This is my first winter with my Buck Model 74 (I've heated with wood for the last 6 years, and was using an old Nashua for the last 2 years). The Buck Model 74 promised high efficiency, long burn times and adequate heat for 2,000 sq. ft.... I have to say I've been disappointed. It was doing OK when temps were 30 degrees F and above... but the stove falls short in cold weather... and the last few days it can't do the job. My house is a well insulated 1,800 sq ft. ranch. We got 70F in the main room yesterday where the stove is but had to load it every 2-3 hours, run it on high and we always run the (inadequate) fan on high. Unfortunately my furnace has been making up the difference. The Nashua would have done the job but it would have used more wood.
 
Last night sucked, -25 windchill (-5 w/o) and it got down to 49 in here. Now it's -13 (6 w/o) wind chill and 67 inside. Running 2 1500w heaters to supliment the stove, and DH baked some cookies and home made bread.
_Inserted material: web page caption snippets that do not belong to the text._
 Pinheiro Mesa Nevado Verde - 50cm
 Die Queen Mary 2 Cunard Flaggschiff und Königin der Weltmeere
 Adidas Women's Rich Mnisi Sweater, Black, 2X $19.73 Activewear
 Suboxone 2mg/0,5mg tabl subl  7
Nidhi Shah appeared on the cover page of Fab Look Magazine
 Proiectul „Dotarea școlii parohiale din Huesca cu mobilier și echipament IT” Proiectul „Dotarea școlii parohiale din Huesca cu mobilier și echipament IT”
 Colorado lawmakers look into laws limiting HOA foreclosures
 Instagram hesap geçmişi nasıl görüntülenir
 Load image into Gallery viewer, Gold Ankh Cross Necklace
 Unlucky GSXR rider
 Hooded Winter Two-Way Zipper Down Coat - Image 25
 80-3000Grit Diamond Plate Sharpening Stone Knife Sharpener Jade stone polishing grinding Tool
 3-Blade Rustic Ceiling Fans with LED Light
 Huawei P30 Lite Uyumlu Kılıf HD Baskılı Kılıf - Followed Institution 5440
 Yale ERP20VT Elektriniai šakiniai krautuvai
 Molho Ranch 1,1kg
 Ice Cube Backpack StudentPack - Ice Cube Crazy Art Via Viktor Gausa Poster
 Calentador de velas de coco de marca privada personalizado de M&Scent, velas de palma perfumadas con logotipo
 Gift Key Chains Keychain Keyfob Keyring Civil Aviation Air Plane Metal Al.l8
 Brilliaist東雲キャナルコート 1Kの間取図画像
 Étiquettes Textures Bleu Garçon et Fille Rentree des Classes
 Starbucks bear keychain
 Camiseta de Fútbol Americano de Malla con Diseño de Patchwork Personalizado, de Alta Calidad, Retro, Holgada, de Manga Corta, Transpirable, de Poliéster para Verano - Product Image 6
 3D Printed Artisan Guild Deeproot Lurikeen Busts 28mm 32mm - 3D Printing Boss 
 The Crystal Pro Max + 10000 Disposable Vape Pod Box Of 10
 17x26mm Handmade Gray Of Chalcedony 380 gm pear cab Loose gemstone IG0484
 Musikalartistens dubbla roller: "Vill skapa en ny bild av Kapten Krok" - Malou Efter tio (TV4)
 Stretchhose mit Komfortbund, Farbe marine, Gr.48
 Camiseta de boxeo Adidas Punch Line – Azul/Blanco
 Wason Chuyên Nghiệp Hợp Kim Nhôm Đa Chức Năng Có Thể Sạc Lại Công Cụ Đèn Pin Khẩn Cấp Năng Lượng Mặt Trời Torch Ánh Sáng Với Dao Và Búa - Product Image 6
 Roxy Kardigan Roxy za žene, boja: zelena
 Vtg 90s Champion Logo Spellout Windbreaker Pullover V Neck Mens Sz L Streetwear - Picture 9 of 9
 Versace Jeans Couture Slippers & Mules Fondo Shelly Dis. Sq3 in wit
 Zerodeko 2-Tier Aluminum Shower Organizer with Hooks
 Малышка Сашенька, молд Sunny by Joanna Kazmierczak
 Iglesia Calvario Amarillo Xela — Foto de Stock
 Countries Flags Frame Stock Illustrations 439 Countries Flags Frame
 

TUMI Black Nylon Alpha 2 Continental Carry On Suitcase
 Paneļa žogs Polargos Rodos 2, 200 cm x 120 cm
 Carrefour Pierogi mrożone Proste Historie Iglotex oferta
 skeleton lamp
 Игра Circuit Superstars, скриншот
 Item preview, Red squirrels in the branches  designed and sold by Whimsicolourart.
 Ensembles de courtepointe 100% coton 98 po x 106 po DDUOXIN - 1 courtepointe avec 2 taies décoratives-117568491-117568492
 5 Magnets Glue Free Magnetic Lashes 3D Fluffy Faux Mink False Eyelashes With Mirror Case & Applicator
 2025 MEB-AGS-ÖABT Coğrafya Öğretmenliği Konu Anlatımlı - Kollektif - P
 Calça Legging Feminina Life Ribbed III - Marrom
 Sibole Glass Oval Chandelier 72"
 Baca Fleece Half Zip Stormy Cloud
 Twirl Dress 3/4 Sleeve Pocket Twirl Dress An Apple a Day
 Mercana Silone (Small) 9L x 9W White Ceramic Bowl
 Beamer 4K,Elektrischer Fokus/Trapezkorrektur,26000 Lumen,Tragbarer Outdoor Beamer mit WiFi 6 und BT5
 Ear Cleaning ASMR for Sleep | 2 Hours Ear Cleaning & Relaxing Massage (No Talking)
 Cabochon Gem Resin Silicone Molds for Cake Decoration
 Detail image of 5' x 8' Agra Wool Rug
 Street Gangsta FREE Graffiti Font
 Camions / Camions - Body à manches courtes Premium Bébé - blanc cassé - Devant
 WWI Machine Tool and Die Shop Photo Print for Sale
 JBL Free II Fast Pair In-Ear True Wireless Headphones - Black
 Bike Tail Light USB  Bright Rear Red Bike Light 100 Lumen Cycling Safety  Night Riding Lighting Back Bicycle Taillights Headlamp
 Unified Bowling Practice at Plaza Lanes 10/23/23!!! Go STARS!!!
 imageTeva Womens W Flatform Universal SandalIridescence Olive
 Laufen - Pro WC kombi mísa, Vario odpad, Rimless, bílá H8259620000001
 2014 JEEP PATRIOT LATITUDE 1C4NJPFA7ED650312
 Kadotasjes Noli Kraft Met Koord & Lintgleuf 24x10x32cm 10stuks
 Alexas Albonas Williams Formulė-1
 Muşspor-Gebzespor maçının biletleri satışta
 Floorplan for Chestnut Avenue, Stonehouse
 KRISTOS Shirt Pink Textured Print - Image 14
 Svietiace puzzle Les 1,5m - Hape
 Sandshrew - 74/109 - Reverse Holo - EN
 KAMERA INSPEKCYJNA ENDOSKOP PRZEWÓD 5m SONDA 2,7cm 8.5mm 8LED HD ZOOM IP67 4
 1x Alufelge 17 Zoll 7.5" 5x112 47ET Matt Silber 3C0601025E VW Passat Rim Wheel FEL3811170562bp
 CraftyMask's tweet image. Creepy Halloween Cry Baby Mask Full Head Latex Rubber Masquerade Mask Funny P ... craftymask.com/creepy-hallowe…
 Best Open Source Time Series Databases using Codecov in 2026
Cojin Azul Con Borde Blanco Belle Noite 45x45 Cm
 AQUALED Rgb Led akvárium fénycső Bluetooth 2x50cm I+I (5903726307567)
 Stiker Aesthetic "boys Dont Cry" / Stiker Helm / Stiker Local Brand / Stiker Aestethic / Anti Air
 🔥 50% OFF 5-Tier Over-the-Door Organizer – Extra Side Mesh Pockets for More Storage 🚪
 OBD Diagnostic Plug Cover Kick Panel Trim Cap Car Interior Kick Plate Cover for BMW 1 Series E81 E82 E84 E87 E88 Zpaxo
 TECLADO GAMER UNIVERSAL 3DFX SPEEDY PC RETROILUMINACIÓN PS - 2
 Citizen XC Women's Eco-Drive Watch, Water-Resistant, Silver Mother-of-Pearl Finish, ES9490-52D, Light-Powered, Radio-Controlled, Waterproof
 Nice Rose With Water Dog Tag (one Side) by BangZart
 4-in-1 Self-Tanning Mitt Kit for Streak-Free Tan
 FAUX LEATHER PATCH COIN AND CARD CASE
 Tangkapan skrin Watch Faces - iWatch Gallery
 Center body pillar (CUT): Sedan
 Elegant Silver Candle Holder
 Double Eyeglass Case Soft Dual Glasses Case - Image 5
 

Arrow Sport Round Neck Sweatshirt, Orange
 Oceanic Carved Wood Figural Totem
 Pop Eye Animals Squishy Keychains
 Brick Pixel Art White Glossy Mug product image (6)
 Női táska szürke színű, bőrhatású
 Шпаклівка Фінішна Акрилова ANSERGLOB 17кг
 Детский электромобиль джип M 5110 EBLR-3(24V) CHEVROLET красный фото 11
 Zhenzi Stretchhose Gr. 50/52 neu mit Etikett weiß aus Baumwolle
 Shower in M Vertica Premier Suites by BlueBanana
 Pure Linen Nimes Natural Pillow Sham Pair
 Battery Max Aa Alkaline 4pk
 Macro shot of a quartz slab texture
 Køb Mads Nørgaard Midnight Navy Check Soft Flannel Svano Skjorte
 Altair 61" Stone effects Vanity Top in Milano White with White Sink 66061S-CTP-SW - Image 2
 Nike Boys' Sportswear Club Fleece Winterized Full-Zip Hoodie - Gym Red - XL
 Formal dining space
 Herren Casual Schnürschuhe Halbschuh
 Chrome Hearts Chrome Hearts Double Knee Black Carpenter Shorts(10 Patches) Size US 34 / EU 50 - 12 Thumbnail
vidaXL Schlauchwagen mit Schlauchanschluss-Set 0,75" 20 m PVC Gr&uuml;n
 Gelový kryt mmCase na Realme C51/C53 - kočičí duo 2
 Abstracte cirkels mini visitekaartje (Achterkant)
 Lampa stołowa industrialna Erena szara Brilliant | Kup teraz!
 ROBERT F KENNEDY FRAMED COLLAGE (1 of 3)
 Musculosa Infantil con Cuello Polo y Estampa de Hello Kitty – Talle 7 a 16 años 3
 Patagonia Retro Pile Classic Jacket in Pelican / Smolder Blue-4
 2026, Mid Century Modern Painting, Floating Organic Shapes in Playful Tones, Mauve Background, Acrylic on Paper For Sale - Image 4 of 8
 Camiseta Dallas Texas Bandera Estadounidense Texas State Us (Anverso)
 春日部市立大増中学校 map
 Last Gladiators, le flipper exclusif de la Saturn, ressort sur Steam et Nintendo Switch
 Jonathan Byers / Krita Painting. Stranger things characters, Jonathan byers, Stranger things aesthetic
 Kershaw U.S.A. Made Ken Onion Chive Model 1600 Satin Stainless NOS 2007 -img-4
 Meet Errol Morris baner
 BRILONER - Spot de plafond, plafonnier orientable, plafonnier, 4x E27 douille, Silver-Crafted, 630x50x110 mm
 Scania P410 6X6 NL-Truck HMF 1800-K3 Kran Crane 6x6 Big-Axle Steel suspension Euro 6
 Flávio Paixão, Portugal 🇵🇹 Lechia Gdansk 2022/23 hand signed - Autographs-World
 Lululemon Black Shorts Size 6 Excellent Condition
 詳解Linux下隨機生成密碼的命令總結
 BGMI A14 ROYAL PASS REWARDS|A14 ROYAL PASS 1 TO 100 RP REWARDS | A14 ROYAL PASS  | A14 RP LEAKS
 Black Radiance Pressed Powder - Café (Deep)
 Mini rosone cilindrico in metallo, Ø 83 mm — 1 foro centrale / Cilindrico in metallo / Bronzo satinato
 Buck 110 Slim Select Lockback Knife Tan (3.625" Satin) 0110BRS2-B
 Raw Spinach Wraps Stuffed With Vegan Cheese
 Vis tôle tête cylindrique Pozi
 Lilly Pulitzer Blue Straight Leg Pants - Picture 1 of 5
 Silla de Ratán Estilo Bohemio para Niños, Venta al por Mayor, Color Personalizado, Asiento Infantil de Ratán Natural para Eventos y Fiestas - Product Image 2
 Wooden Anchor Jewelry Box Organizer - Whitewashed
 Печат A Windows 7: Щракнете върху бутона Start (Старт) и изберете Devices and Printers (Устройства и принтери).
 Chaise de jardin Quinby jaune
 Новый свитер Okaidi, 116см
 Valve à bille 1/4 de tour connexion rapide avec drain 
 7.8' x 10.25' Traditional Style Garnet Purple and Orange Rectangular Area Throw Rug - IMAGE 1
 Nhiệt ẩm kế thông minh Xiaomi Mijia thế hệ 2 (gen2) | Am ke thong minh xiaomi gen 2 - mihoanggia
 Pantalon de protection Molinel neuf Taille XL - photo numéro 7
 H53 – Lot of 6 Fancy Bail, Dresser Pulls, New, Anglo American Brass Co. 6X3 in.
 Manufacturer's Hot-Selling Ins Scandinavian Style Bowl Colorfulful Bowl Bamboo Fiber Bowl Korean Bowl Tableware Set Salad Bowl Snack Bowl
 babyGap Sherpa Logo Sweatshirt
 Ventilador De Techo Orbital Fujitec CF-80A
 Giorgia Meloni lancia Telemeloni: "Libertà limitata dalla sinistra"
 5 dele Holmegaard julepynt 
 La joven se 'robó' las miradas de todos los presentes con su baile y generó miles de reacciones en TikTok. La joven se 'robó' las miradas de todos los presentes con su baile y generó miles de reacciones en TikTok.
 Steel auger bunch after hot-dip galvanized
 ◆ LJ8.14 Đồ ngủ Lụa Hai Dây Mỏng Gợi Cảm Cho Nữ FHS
Trying to burn down the coal bed before reloading again at the moment it was getting out of control. Been running at 700 top temps since last night, reloading at 400.
 
Not too far up north. Got stuck with my truck at work diesel froze up and could not get her going after hours of bullet heating and additives. Temps of about 7. It was cold in long island todaywoth a real feel of -10 to -20. Luckily I was able to keep semi warm. Glad to come home to my blaze king still glowing from the morning. Currently next to it sweating. House has been above 75 all day. We're down in jersey tho. Cold sucks! Truckers be prepared!!!! Don't Shut em down
 
Doing great. It was 7 this morning when I woke up, my wife reloaded the stove (threw some splits on the hot coals). It was 67 upstairs and 65 downstairs. Outside it got up to 13 today and is now back down to 7. But this stove has been a champ and has kept the 1900 SF house warm (68) all day. No oil heat needed so I'm a happy camper.
 
DSCN8079.JPG -13 last night.

Still -3 right now.

Ran the Pellet stove to "take the edge off" of the heat pump.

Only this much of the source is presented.